DIRECTIONS. Only the lines of the listing below that run from the line with "Pre Owned Christian" through the line with "Volcom Men's Brown Micro Houndstooth Shorts" are to be set down, word for word. Pictures stay out.
*** Opening DATA TO PROCESS ***
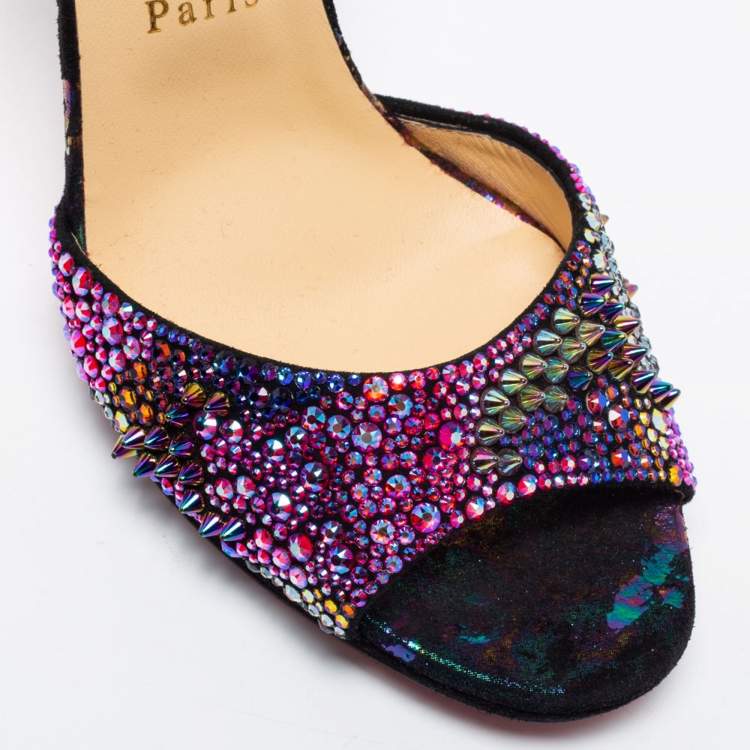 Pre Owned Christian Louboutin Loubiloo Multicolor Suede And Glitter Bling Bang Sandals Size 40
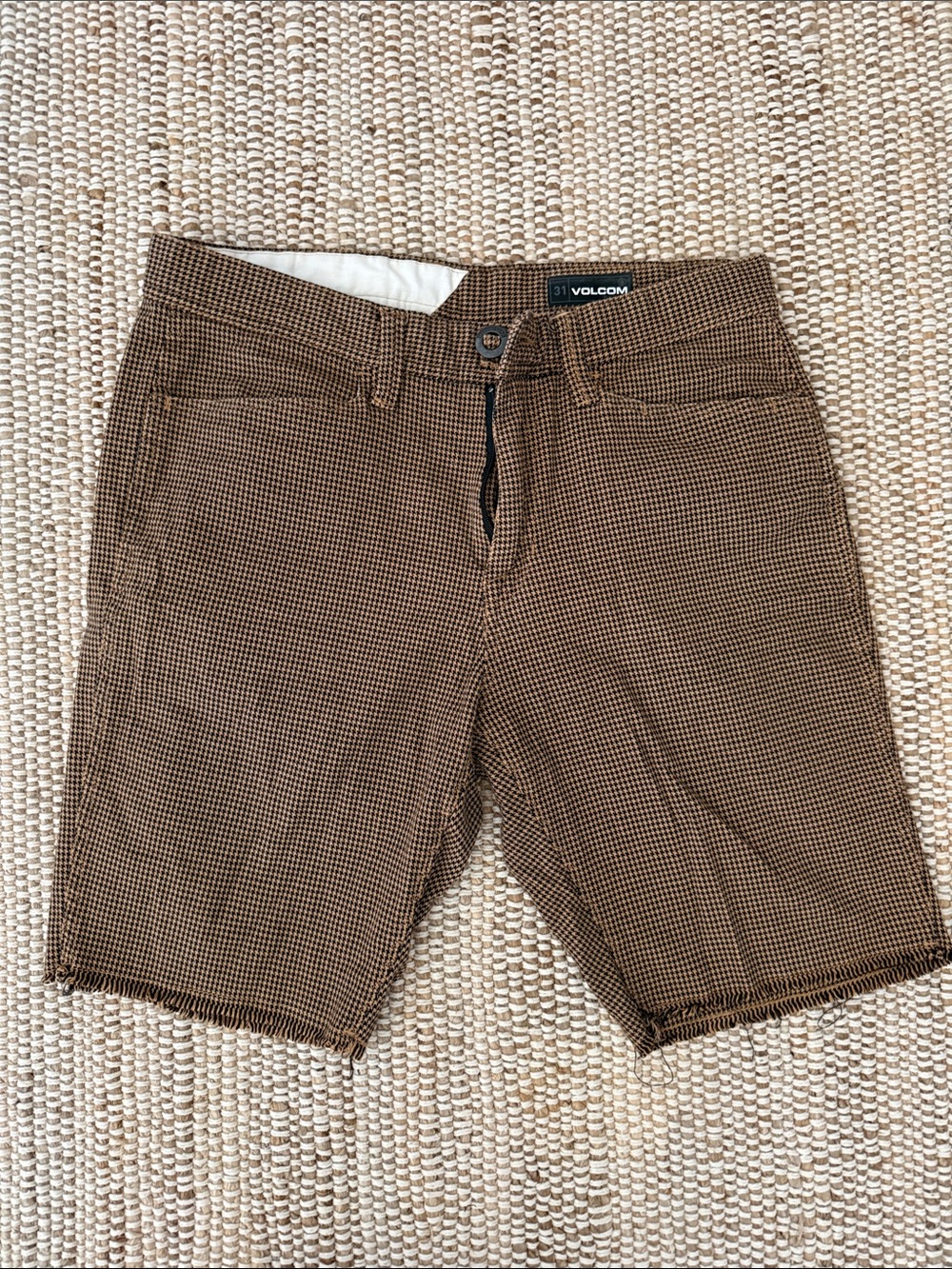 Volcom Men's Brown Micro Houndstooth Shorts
*** Closing DATA TO PROCESS ***
*** Opening DATA TO PROCESS ***
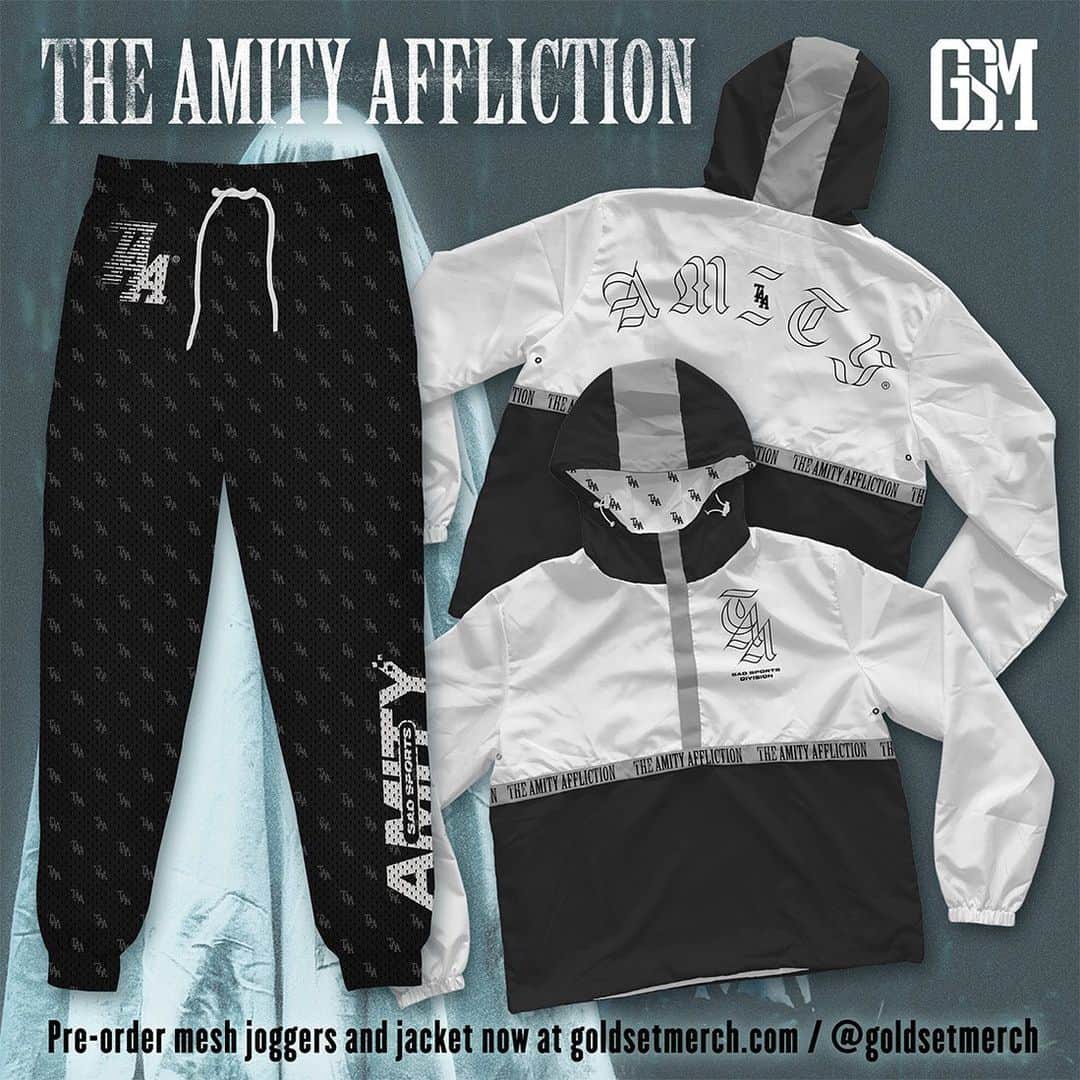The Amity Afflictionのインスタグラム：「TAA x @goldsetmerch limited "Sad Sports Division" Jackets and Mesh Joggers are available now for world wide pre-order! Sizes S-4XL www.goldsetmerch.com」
*** Closing DATA TO PROCESS ***
SOLUTION TO THIS PROBLEM.
 Pre Owned Christian Louboutin Loubiloo Multicolor Suede And Glitter Bling Bang Sandals Size 40
 Volcom Men's Brown Micro Houndstooth Shorts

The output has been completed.